Thats all she needed! She came back on her own.. she began to run around the house, bossing around the cats and other animals and eating on her own. She became a normal happy dog! Horribly spoiled mind you..lol I bought her fluffy pink beds and blankets and clothes and she went everywhere with me.

A couple days ago, I knew it was coming. She stops running and started sleeping non-stop, I had to revert to the syringe for her water and she refused food. I hugged her and told her I loved her and it was ok, Im glad she came to me and I would never forget her. If she wanted to go, I would be ok. I got to love her for 2 years!

Im crying my eyes out writing this, she is wrapped in her velvet blanket now and will be buried this morning.

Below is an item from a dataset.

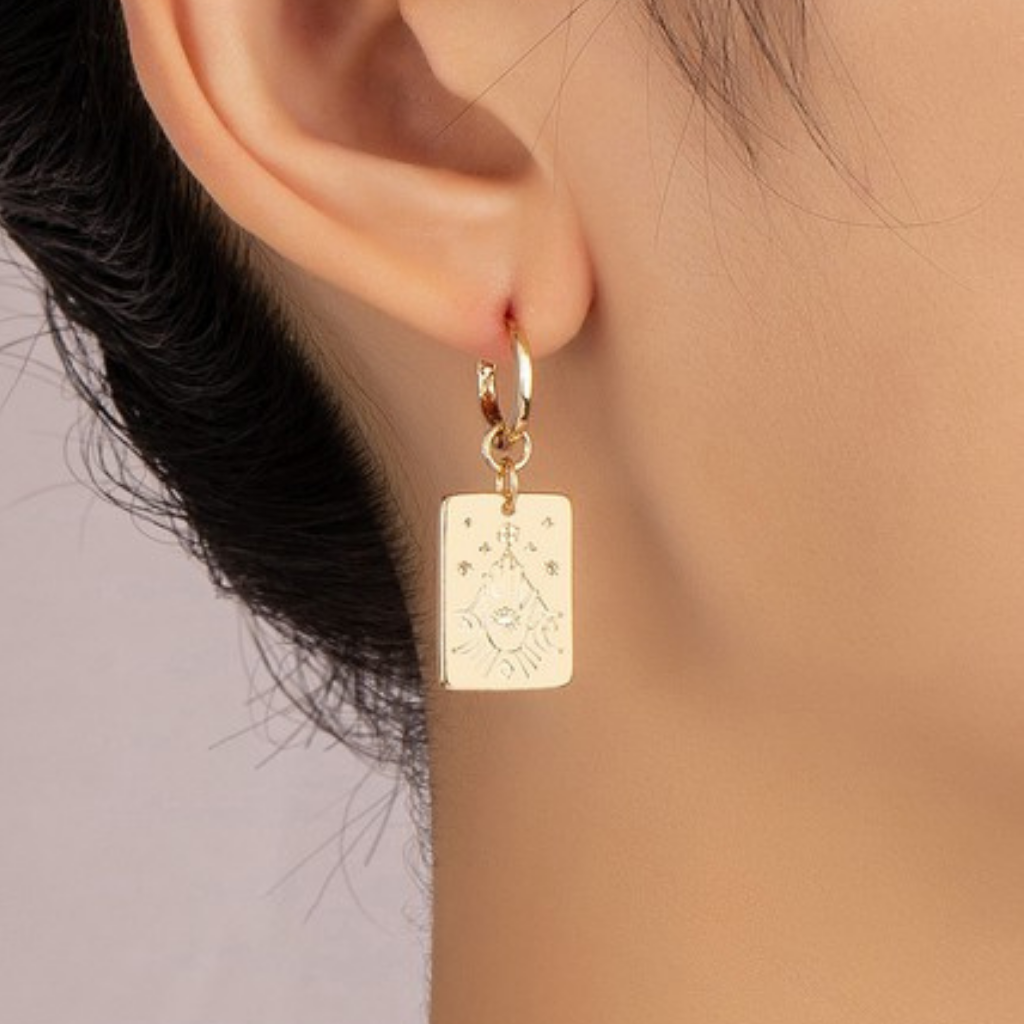 hamsa tarot earrings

Thank you for listening to me go one.. I just needed to share how special she was.


----------



## JenniferSews (Oct 1, 2009)

I'm so sorry for your loss.  :cry:


----------



## vivcarm (Oct 1, 2009)

Thinking of you, it always sad to lose something so close to your heart.


----------



## Bnky (Oct 1, 2009)

MyNaturesArt:  I am so sorry for your loss of your beautiful little "Tink", I am crying now also after reading of it, (it brings back sad memories of previous pets of mine).  A faithful, cuddly, furry friend becomes a major part of the family it lives with.  It is always so, so hard when we lose them.  I am sure many know of this kind of loss and feel your pain.  I know it is hard, but try to think of the joy you recieved from your little dog and know that you made her remaining years very happy.


----------



## Wax Munky (Oct 1, 2009)

She loved you very much.I'm not a believer that we pick our dogs.It's they who pick us to receive their love.

Sorry for your loss.

Munky.


----------



## TessC (Oct 1, 2009)

Aww, so sorry for your loss.


----------



## Tabitha (Oct 1, 2009)

:cry:


----------



## Deda (Oct 1, 2009)

What a beautiful story, thank you for sharing.

So sorry for your loss, but so happy you were there for her.


----------



## Pug Mom (Oct 1, 2009)

I am so sorry...I am crying right along with you.  You were both very luck to have found one another...  She sounds like she was a very special little lady.  I will keep you both in my thoughts and prayers....


----------



## kittywings (Oct 1, 2009)

:cry:


----------



## alwaysme07 (Oct 1, 2009)

:cry: I'm glad she had you to love her so much. :cry:


----------



## Rosey (Oct 1, 2009)

I am so sorry for your loss. I'm so glad that she had a wonderful last 2 years just like my Isis. She knew you loved her and she knew what a wonderful home she had.

*HUG*


----------



## islandbeauty (Oct 1, 2009)

so sorry for your loss, i would be at a loss if anything happened to my rat terrier Lady, so sorry again...


----------



## Sibi (Oct 1, 2009)

Kimberly,

I am sooooo sorry for your loss.  She was a mighty lucky dog to have you as her mom.  You definitely made her remaining years ones full of joy and I'm sure she passed in peace.  You'll always have her in your heart,

Sibi


----------



## Billie (Oct 1, 2009)

:cry:


----------



## ChrissyB (Oct 1, 2009)

So sorry for your loss.
She was very lucky to have you to love her so much.
Sadly, a lot of animals don't even get that.
I think they need love like they need food, air, water.

She will always love you, you know that right?


----------



## heyjude (Oct 1, 2009)

So very sorry.  Such a sweet face and how lucky you were to have found each other. 

Jude


----------



## jarvan (Oct 1, 2009)

Kimberly, 
I am so sorry for your loss. I think your girl had the best mom ever and you were each blessed to have each other. You gave her the best years of her life. I'll be thinking of you.


----------



## IanT (Oct 2, 2009)

hugs to you hunn... from across the miles :*


----------



## AshleyR (Oct 2, 2009)

Awww, I'm so sorry to hear about Tink. She was a gorgeous girl and it sounds like you loved her very well.

*hugs*


----------



## dagmar88 (Oct 2, 2009)

sorry for your loss... always so sad to have to say goodbye to one of your best friends.


----------



## rubato456 (Oct 2, 2009)

i understand how much it hurts.....you were both blessed to love each other so much!


----------